On Sat, 2019-07-27 at 10:35 +0100, N.M. Maclaren wrote:
> On Jul 26 2019, Van Snyder wrote:
> >>For binary128, 49,536 bits would be required, but it was not requested
> >for IEEE 1788.
> 
> That's what I meant. Sorry about being confusing. Yes, I agree that it's 
> affordable to implement under many circumstances, but a standard should NOT 
> consider just the easy circumstances. And a specification that is feasible 
> for 64 bits but not 128 bits is dubiously within the spirit of Fortran.

Specification that a DOT_PRODUCT produce a correctly-rounded result does
not depend upon the kind of the arguments.  If a processor has a super
accumulator that only works for binary64 (or binary32), it could use it
for those precisions, and use a software method otherwise.  The
processor could detect at run time whether the CPU (or a coprocessor)
provides a super accumulator, and use the appropriate method.

> As a slight aside, there are other approaches that give most of the benefit
> for much less cost.  One is (true) probabilistic rounding during the
> accumulation, which may be heretical but has a lot of technical advantages.

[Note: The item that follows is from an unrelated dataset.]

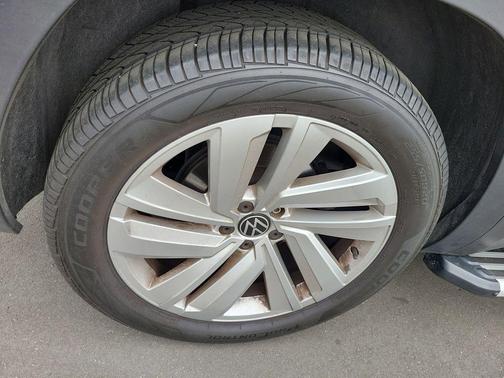 2020 Volkswagen Atlas Cross Sport 2.0T SE w/Technology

The super accumulator is the fastest way possible.  Probabilistic
rounding cannot beat it.  "Most of the benefit" isn't good enough.  The
Cray-I "approximate inverse" only got 12 correct bits.  That's "most of
the benefit,", right?  So why did the Cray-I compiler ALWAYS follow it
up with two Newton iterations to get 48 correct bits?

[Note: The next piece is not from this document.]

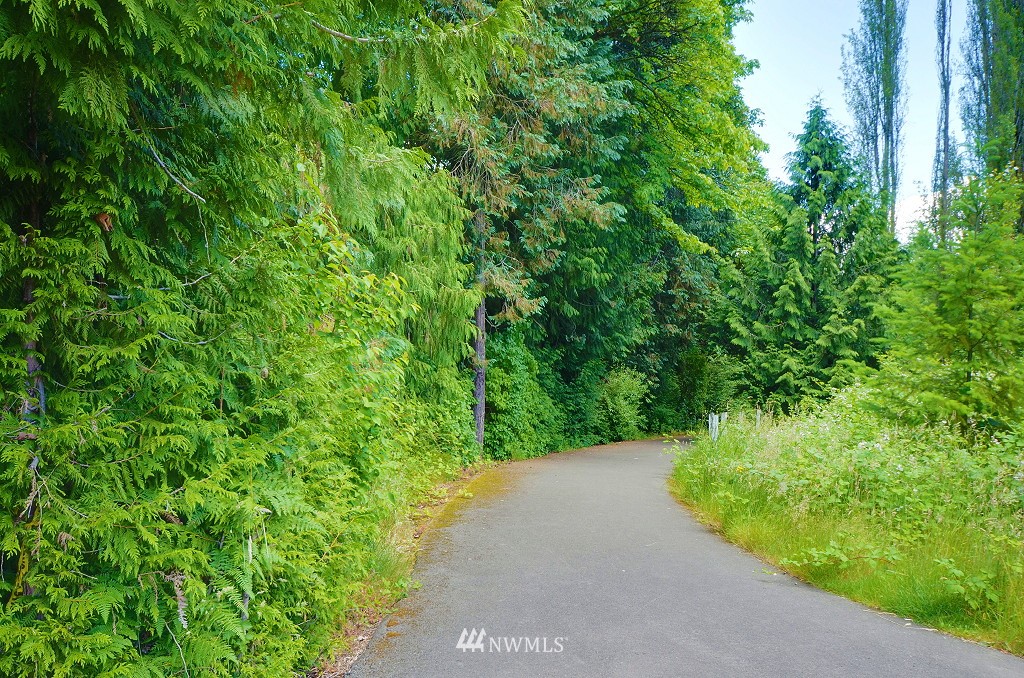 23001 27th Drive Southeast Bothell, WA 98021 - Photo 20 of 23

Using a floating-point method, correct rounding of each multiply-add is
not sufficient, probabalistic or otherwise.  The defect needs to be
accumulated.  The XBLAS dot product uses extended precision accumulation
(quad or double quad), but this limits the maximum length of vectors for
which a correct result is guaranteed.  Siegfried Rump's method is 40%
faster anyway.

> The relevance is the question of whether it is reasonable to exclude other
> approaches by mandating one particular one?

The standard should not mandate a method -- only a result.

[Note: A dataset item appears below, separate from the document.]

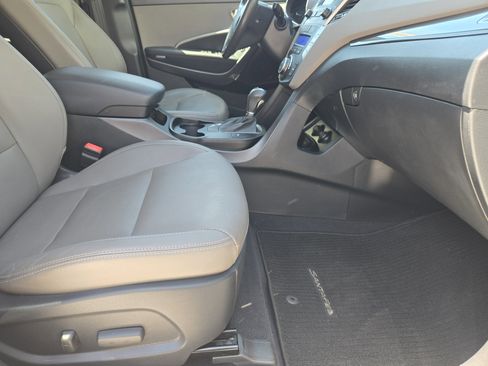 Used 2016 Hyundai Santa Fe SE w/ Option Group 02 image 15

If a super accumulator is available for the kind of the arguments, a
processor could use it, and use a software algorithm otherwise.  A super
accumulator with enough bits for binary64 could work for binary128, if
it has a wide enough arithmetic unit, provided the vectors are short
enough or overflow does not occur.  If overflow occurs, one could start
over with a software algorithm.

But all this is below the purview of the standard.  The standard should
say nothing more, in normative text, than "produce a correctly-rounded
dot product."

> >If you want papers that describe the problem, I can get them.  Siegfried
> >Rump gave very nice demonstrations of the problem at the WG 2.5 meeting
> >in Sydney last year, and at ICIAM in Valencia last week (and many other
> >times when I was not in attendance).
> 
> I should be interested if you have any that demonstrate it is a critical
> issue in realistic analyses.  All of the ones I have seen were implausible,
> to put it mildly.  Yes, some were of academic interest, but I never saw a
> case that this makes the difference between a complete, practical analysis
> being valid and not being.  As I tried to say, being perfectionist in one
> respect rarely helps with complete problems, which are usual complex.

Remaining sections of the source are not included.